MATERIAL PROVIDED »
━━━━━━━━━━━━━━━━━━━━

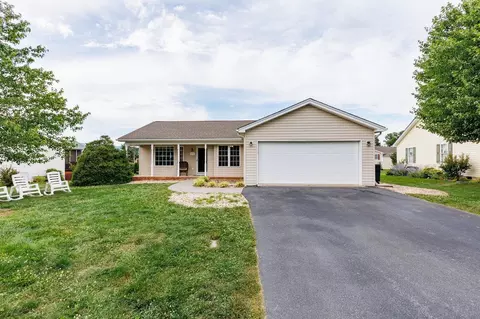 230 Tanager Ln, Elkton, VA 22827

━━━━━━━━━━━━━━━━━━━━

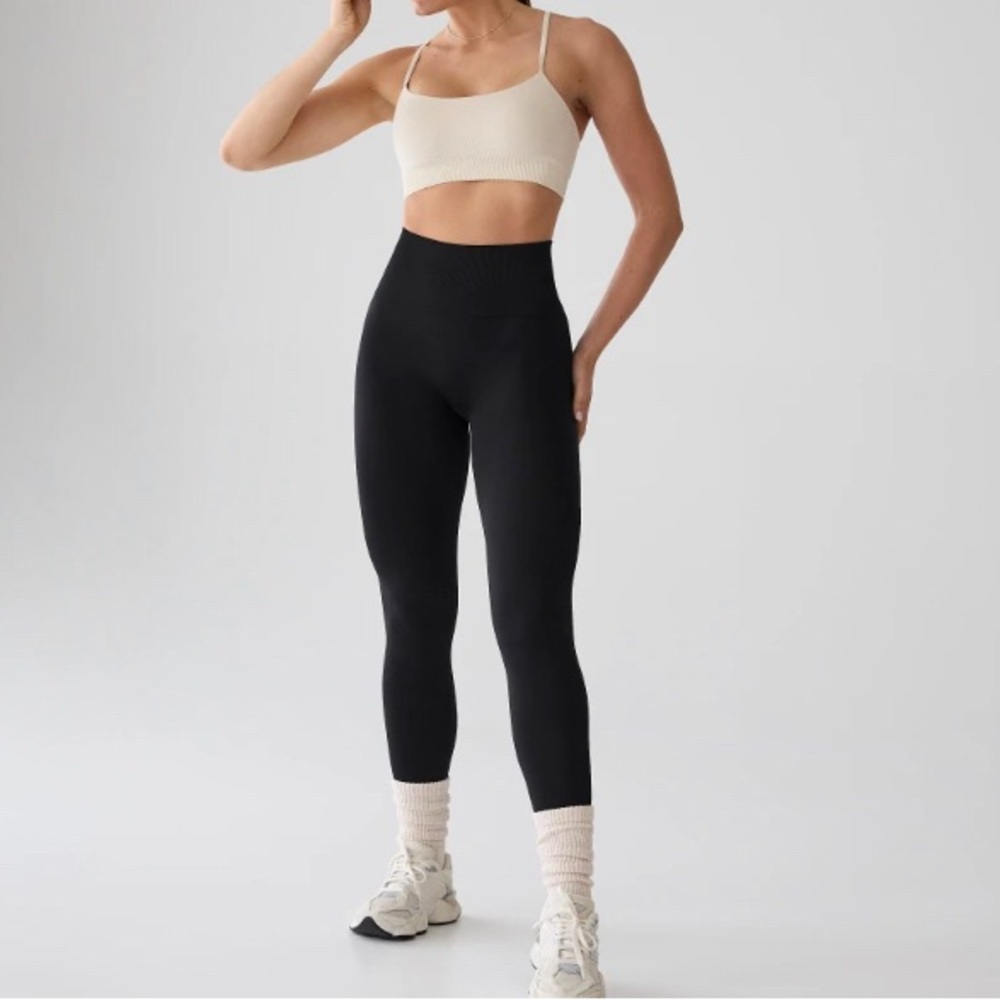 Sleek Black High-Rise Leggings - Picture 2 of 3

━━━━━━━━━━━━━━━━━━━━

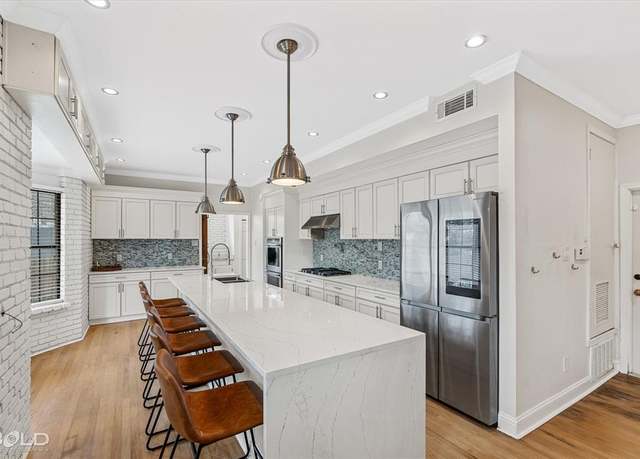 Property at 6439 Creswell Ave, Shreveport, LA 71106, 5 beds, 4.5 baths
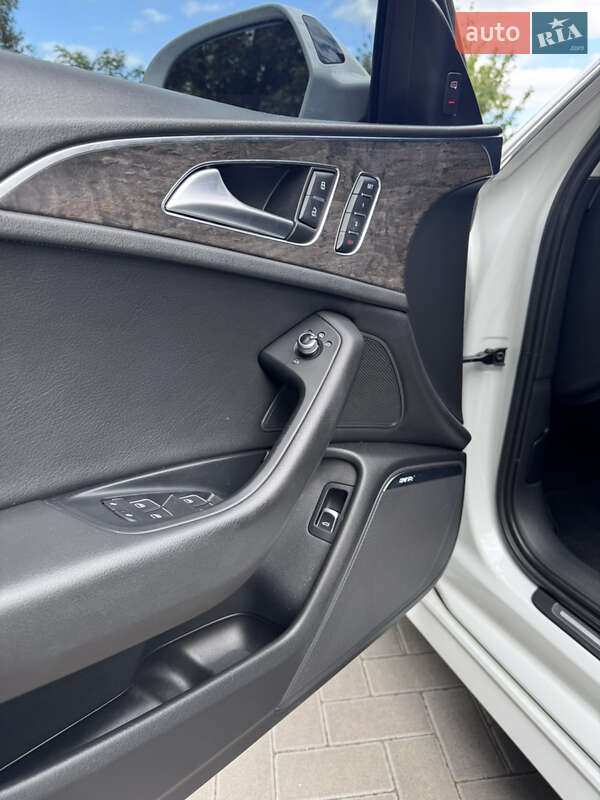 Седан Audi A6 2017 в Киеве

━━━━━━━━━━━━━━━━━━━━

INSTRUCTIONS TO FOLLOW »
Would you write out exactly the lines above, starting at the line containing "Property at 6439" and stopping after the line containing "Седан Audi A6 2017 в Киеве"? Omit the pictures.

TASK ANSWER »
 Property at 6439 Creswell Ave, Shreveport, LA 71106, 5 beds, 4.5 baths
 Седан Audi A6 2017 в Киеве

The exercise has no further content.